Module: data_processor.py
Purpose: Process and transform raw sensor data into analysis-ready format

Main components:
- DataLoader: Reads raw CSV files
- DataCleaner: Handles missing values and outliers
- DataTransformer: Applies normalization and feature engineering
"""

def clean_sensor_data(df, threshold=0.95):
    """
    Clean sensor data by removing outliers and handling missing values.

    Args:
        df (pd.DataFrame): Raw sensor data with columns [timestamp, sensor_id, value]
        threshold (float): Completeness threshold (0-1) for keeping sensors

    Returns:
        pd.DataFrame: Cleaned data with outliers removed and missing values imputed

    Process:
        1. Remove sensors with >5% missing data
        2. Detect outliers using IQR method (1.5 * IQR)
        3. Impute remaining missing values with forward fill
    """
    # Remove sensors with insufficient data
    # Threshold of 0.95 means sensor must have 95% valid readings
    completeness = df.groupby('sensor_id')['value'].count() / len(df)
    valid_sensors = completeness[completeness >= threshold].index
    df = df[df['sensor_id'].isin(valid_sensors)]

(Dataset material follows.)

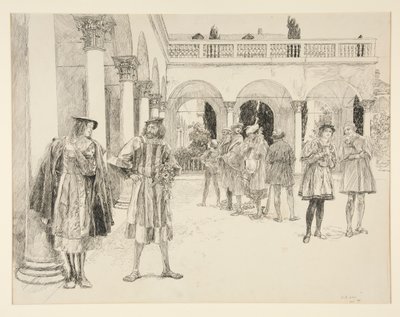 La Cour du Palais, Acte IV, Scène ii, Les Deux Gentilshommes de Vérone - Edwin Austin Abbey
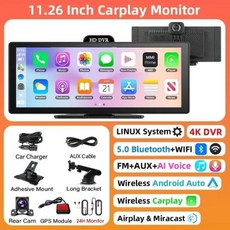 자동차 무선 후방 카메라 트럭 화물차 승용차 SUV 대시 캠 와이파이 카플레이 안드로이드 자동 DVR GPS 네비게이션 비디오 녹음기 보드 듀얼 렌즈 24H 파크 AUX 11.26, 없음, 22) 4K Full Set - With 32G TF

    # Detect and remove outliers using IQR method
    Q1 = df['value'].quantile(0.25)
    Q3 = df['value'].quantile(0.75)
    IQR = Q3 - Q1
    lower_bound = Q1 - 1.5 * IQR  # Standard outlier detection threshold
    upper_bound = Q3 + 1.5 * IQR
    df = df[(df['value'] >= lower_bound) & (df['value'] <= upper_bound)]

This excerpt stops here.